Donate
Psychology and Psychoanalysis

Дуэйн Руссель. Молока вы не получите!

Георгий Ливаднов02/12/22 15:342.1K🔥
Канадский психоаналитик и социолог Дуэйн Руссель рассуждает о проблемах логики «братской солидарности», охватывающей как правый, так и левый спектр современной политики, идею конститутивной нехватки, а также излагает новую вариацию каноничной шутки про «кофе без сливок».
Канадский психоаналитик и социолог Дуэйн Руссель рассуждает о проблемах логики «братской солидарности», охватывающей как правый, так и левый спектр современной политики, идею конститутивной нехватки, а также излагает новую вариацию каноничной шутки про «кофе без сливок».

Перевод сделан с любезного разрешения (и радости) Дуэйна Русселя.

Оригинал


Возможно, читатели The Philosophical Salon знакомы с очень образными ремарками Аленки Зупанчич о ключевой сцене в классическом фильме Эрнста Любича Ниночка (1939). Мужчина заходит в кафе и просит чашку кофе без сливок. На эту, казалось бы, невинную просьбу официант отвечает следующее: “извините, сэр, но у нас есть только молоко. Могу я принести вам кофе без молока?”[i] В ту же секунду все мужчины в кафе, включая того, кто рассказал эту шутку, разражаются истерическим смехом. Я полагаю, это дает нам новый интересный набор вопросов, касающихся логики ‘братской солидарности’ и псевдо-лакановского концепта ‘конститутивной нехватки’, который, на мой взгляд, способен оказывать идеологическую поддержку консервативным групповым проявлениям. Например: хоть все мужчины-представители рабочего класса в магазинчике были едины в своем одобрении шутки, одна женщина упрямо не реагировала на событие, оставаясь невозмутимой.
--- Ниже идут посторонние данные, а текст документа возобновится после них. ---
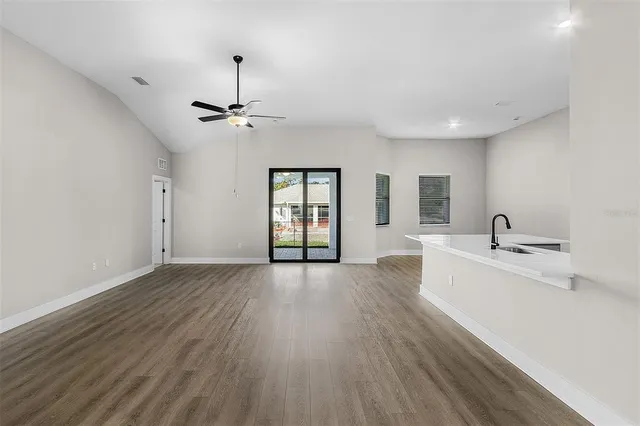 $625,900 | 13432 Lake Gallagher Drive, Dover, FL 33527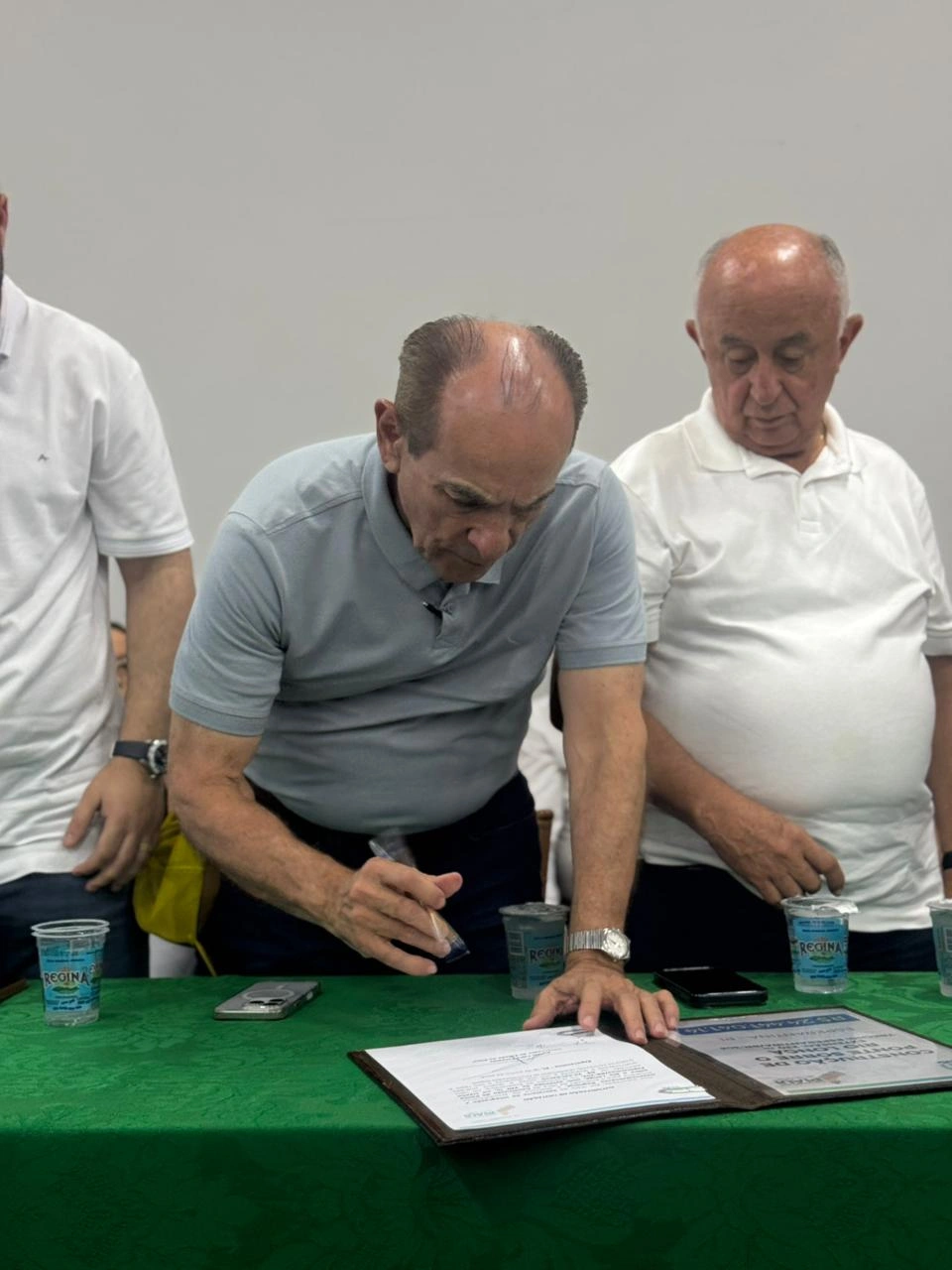 Governador Rafael Fonteles assina importantes ordens de serviço para obras  estruturantes em Esperantina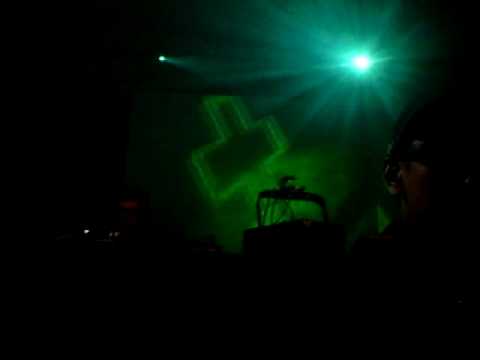 Alexander kowalski  @ Rockit meets Rotzooii 29-04-07 Utrecht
В хорошо известной книге Фрейда Остроумие и его отношение к бессознательному (1905)[ii] есть нечто глубоко политическое. Проще говоря, хорошая шутка предлагает нам способ доступа — или, скорее, освобождения от традиционных ограничений Супер-Эго — к фрейдовскому бессознательному. Однако, как верно напомнила нам Аленка Зупанчич, повторяя Фрейда, это верно не для всех сортов юмора.[iii] Например, Жак-Ален Миллер несколько десятилетий назад описал особенно ироничный или саркастический стиль юмора, демонстрирующий иную позицию по отношению к бессознательному: “Ирония […] сообщает, что Другого не существует, что социальные связи в основе своей являются надувательством.”[iv] Призыв Миллера к созданию ‘иронической клиники’, то бишь клиники бреда, учитывает и отталкивается от наших последних недовольств в культуре, начиная с не-существования Другого. Это предлагает интересную альтернативу подходам, начинающимся с перспективы, согласно которой существует “общее и единое отношение к языку”, поскольку может привести к тому, что я бы назвал подходом, который лучше всего характеризуется выражением: ‘ты угодил в свою же яму!’ <‘the joke’s on you!>. В таких обстоятельствах можно “посмеяться над сумасшедшим, над этим несчастным безумцем, который находится вне единого языка.”[v] Миллер продолжает: “те, кто смеются над психотиком, просто остаются замкнуты в рамках конструкции собственной клиники, основанной на уже сложившихся дискурсах”[vi].

В конечном счете, что стоит на кону в этом конкретном виде ‘политической комедии’? Когда ‘joke is on you’, политика становится видимой на расстоянии. Следовательно, шутки не являются политическими только потому, что они обеспечивают нам братскую поддержку общих теоретических/языковых игр, даже если эти игры левые, марксистские или даже лакановские. Что делает шутку политической, так это тот факт, что она дает возможность увидеть то, что Фрейд называл ‘другой сценой’. Те, кто закрывают эту сцену, зашивая ее, столь же успешно форклюзируют откровения бессознательного вкупе с его новой концепцией истины.[vii] Я бы даже сказал, что это сшивание фрейдовского поля, это закрытие бессознательного представляет собой именно ‘контр-политическое’ действие. В таких обстоятельствах наша политика становится видимой на расстоянии, даже если мы воображаем, что она каким-то образом тесно связана с политическими высказываниями и действиями, которые обозначаются как ‘радикальные’, ‘левые’ или даже ‘революционные’.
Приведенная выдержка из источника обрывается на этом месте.